Task description:
The response must be a precise copy of the records that follow.
-*-*-
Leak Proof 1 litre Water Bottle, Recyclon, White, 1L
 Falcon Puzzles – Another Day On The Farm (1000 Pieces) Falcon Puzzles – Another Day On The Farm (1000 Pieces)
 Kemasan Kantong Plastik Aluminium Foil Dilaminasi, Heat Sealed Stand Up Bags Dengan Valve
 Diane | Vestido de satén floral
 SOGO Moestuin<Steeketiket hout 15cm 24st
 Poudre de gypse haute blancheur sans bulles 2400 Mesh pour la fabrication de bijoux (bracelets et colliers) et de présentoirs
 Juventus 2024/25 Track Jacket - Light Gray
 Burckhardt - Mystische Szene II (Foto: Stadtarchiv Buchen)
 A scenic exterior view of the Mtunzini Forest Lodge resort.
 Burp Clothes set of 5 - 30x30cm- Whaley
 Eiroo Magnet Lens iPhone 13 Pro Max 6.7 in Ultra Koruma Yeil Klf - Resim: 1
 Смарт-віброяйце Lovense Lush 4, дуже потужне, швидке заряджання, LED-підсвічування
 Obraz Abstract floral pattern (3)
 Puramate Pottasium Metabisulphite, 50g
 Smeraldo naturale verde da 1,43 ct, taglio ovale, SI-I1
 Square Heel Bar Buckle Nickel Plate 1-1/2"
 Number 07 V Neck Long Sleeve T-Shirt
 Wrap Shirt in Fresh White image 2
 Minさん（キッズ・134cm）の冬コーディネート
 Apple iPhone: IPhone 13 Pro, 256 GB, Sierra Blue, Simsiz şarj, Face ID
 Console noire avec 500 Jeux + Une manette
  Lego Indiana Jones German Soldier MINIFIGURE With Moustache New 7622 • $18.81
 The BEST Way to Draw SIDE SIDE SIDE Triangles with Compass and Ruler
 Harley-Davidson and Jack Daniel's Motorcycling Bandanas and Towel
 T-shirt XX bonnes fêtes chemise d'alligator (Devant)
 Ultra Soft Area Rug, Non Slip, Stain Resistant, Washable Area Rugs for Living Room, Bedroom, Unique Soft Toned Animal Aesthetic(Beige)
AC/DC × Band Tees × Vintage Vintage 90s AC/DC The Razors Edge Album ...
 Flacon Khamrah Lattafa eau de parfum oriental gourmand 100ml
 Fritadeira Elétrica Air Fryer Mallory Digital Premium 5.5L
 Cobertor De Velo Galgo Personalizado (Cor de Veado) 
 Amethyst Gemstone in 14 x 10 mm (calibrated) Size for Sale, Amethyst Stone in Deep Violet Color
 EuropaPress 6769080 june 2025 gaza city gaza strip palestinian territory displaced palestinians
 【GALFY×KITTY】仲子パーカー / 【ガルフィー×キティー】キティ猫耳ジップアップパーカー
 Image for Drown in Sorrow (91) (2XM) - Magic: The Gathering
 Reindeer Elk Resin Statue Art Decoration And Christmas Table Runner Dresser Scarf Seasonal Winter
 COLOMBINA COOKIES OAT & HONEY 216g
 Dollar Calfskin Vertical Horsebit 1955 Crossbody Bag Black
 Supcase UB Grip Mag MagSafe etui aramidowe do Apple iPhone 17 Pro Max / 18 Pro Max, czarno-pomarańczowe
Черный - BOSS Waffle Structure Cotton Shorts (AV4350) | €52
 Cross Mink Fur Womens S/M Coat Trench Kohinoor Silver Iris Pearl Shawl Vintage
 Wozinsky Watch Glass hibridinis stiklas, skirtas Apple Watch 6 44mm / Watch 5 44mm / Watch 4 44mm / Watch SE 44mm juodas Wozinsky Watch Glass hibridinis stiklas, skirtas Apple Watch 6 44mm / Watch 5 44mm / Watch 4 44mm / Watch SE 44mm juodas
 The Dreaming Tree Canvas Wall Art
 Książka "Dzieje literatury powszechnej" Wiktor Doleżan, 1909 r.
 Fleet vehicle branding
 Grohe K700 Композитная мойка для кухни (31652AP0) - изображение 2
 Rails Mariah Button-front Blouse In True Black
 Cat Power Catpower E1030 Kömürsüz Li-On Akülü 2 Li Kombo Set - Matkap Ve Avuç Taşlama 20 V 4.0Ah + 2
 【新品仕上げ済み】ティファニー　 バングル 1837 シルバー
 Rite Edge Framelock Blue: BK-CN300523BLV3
-*-*-
Response box:
Leak Proof 1 litre Water Bottle, Recyclon, White, 1L
 Falcon Puzzles – Another Day On The Farm (1000 Pieces) Falcon Puzzles – Another Day On The Farm (1000 Pieces)
 Kemasan Kantong Plastik Aluminium Foil Dilaminasi, Heat Sealed Stand Up Bags Dengan Valve
 Diane | Vestido de satén floral
 SOGO Moestuin<Steeketiket hout 15cm 24st
 Poudre de gypse haute blancheur sans bulles 2400 Mesh pour la fabrication de bijoux (bracelets et colliers) et de présentoirs
 Juventus 2024/25 Track Jacket - Light Gray
 Burckhardt - Mystische Szene II (Foto: Stadtarchiv Buchen)
 A scenic exterior view of the Mtunzini Forest Lodge resort.
 Burp Clothes set of 5 - 30x30cm- Whaley
 Eiroo Magnet Lens iPhone 13 Pro Max 6.7 in Ultra Koruma Yeil Klf - Resim: 1
 Смарт-віброяйце Lovense Lush 4, дуже потужне, швидке заряджання, LED-підсвічування
 Obraz Abstract floral pattern (3)
 Puramate Pottasium Metabisulphite, 50g
 Smeraldo naturale verde da 1,43 ct, taglio ovale, SI-I1
 Square Heel Bar Buckle Nickel Plate 1-1/2"
 Number 07 V Neck Long Sleeve T-Shirt
 Wrap Shirt in Fresh White image 2
 Minさん（キッズ・134cm）の冬コーディネート
 Apple iPhone: IPhone 13 Pro, 256 GB, Sierra Blue, Simsiz şarj, Face ID
 Console noire avec 500 Jeux + Une manette
  Lego Indiana Jones German Soldier MINIFIGURE With Moustache New 7622 • $18.81
 The BEST Way to Draw SIDE SIDE SIDE Triangles with Compass and Ruler
 Harley-Davidson and Jack Daniel's Motorcycling Bandanas and Towel
 T-shirt XX bonnes fêtes chemise d'alligator (Devant)
 Ultra Soft Area Rug, Non Slip, Stain Resistant, Washable Area Rugs for Living Room, Bedroom, Unique Soft Toned Animal Aesthetic(Beige)
AC/DC × Band Tees × Vintage Vintage 90s AC/DC The Razors Edge Album ...
 Flacon Khamrah Lattafa eau de parfum oriental gourmand 100ml
 Fritadeira Elétrica Air Fryer Mallory Digital Premium 5.5L
 Cobertor De Velo Galgo Personalizado (Cor de Veado) 
 Amethyst Gemstone in 14 x 10 mm (calibrated) Size for Sale, Amethyst Stone in Deep Violet Color
 EuropaPress 6769080 june 2025 gaza city gaza strip palestinian territory displaced palestinians
 【GALFY×KITTY】仲子パーカー / 【ガルフィー×キティー】キティ猫耳ジップアップパーカー
 Image for Drown in Sorrow (91) (2XM) - Magic: The Gathering
 Reindeer Elk Resin Statue Art Decoration And Christmas Table Runner Dresser Scarf Seasonal Winter
 COLOMBINA COOKIES OAT & HONEY 216g
 Dollar Calfskin Vertical Horsebit 1955 Crossbody Bag Black
 Supcase UB Grip Mag MagSafe etui aramidowe do Apple iPhone 17 Pro Max / 18 Pro Max, czarno-pomarańczowe
Черный - BOSS Waffle Structure Cotton Shorts (AV4350) | €52
 Cross Mink Fur Womens S/M Coat Trench Kohinoor Silver Iris Pearl Shawl Vintage
 Wozinsky Watch Glass hibridinis stiklas, skirtas Apple Watch 6 44mm / Watch 5 44mm / Watch 4 44mm / Watch SE 44mm juodas Wozinsky Watch Glass hibridinis stiklas, skirtas Apple Watch 6 44mm / Watch 5 44mm / Watch 4 44mm / Watch SE 44mm juodas
 The Dreaming Tree Canvas Wall Art
 Książka "Dzieje literatury powszechnej" Wiktor Doleżan, 1909 r.
 Fleet vehicle branding
 Grohe K700 Композитная мойка для кухни (31652AP0) - изображение 2
 Rails Mariah Button-front Blouse In True Black
 Cat Power Catpower E1030 Kömürsüz Li-On Akülü 2 Li Kombo Set - Matkap Ve Avuç Taşlama 20 V 4.0Ah + 2
 【新品仕上げ済み】ティファニー　 バングル 1837 シルバー
 Rite Edge Framelock Blue: BK-CN300523BLV3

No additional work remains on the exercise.